If there are two things I would wish upon my kids, it's that they take risks and have every opportunity to pursue their passions. My parents wanted this for us, in fact my mom's greatest hope was I would be one of the teens caught taking the role-playing game of D and D just a little too far (yes they were geeks). My mom ventured into a male-dominated arena and my dad helped start a few semiconductor companies, but from the outside the projected practicality and safety, good for a child, maybe not so much for forming a creative and risk-taking adult.
I find myself worried a lot these days, about money, health insurance, and whether I'll ever stop wanting another baby, although rarely about the kids' safety. When they were little I found myself projecting my fear of heights onto their fragile-looking bodies, standing at the bottom of the play structure in a state of panic.

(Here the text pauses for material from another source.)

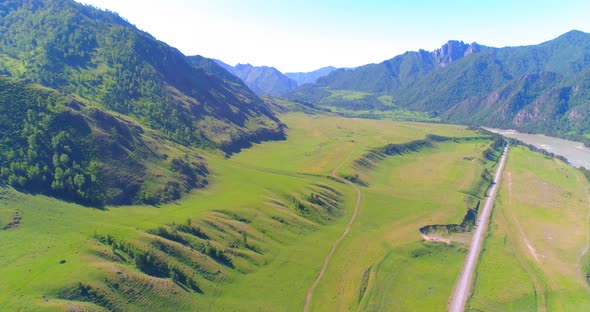 Aerial Rural Mountain Road and Meadow at Sunny Summer Morning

I realized I had to get over that and now my kids will scale the tallest rock wall in the gym and I love it. How, though, do I encourage them to continue to take risks, venture out beyond their comfort zone?
Frankly I would be thrilled if they asked to sail around the world. Let's ignore the fact that my last sailing experience was in a 12ft boat at Vasona Lake. I was a terrible sailor but it was a blast. I must have still been at it at 16 because I distinctly remember the (supposedly) tied on boat flying off the car when I came to a stop, oops. But you get the point. The other day I asked my son at what age does he think he could go by himself to pick up dinner at the local taqueria. He said 12, I countered with 10. There is a small voice, let's call him my husband, who would probably feel comfortable letting the kids walk that path when they are 21 or so, provided they had a cell-phone and karate lessons. I like to think we balance each other out. He is so outgoing though, he cannot comprehend some of our fears, like my reluctance to answer the phone, or our sons needing at least 20 minutes to feel comfortable talking to an adult (for the record, at their age there was not enough time in the world for me to ever voluntarily speak to an adult).
See that photo up there? That's me standing with Peter Pan, or the adorable guy who plays him in the 360 theatre production of JM Barrie's Peter Pan. It's a photo of me because there was no way my kids were going to pose with him, even with his cool hat. Peter Pan was always ready for an adventure. When the opportunity arises, I hope my kids are too.